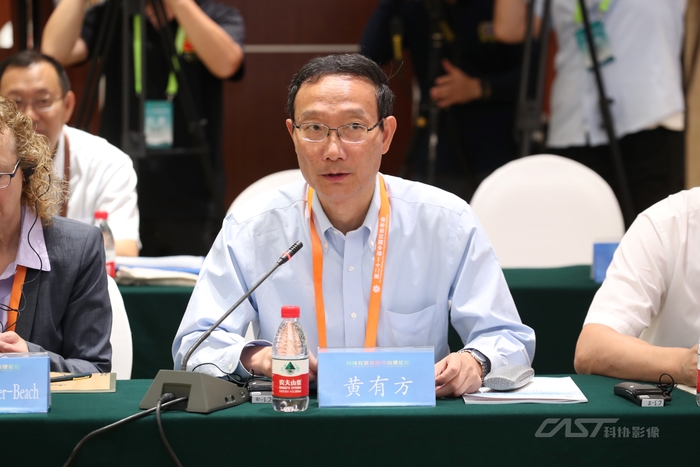 黃有方主持論壇閉門會議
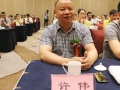 巨奧2014經(jīng)銷商大會(huì)-參會(huì)領(lǐng)導(dǎo)嘉賓 (8)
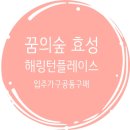 현대플러스 | 꿈의숲효성해링턴플레이스 인천가구백화점소파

ABOUT THIS EXERCISE: Aside from its pictures, the listing must be given again in full, exactly as it appears.

TASK ANSWER:
 黃有方主持論壇閉門會議
 巨奧2014經(jīng)銷商大會(huì)-參會(huì)領(lǐng)導(dǎo)嘉賓 (8)
 현대플러스 | 꿈의숲효성해링턴플레이스 인천가구백화점소파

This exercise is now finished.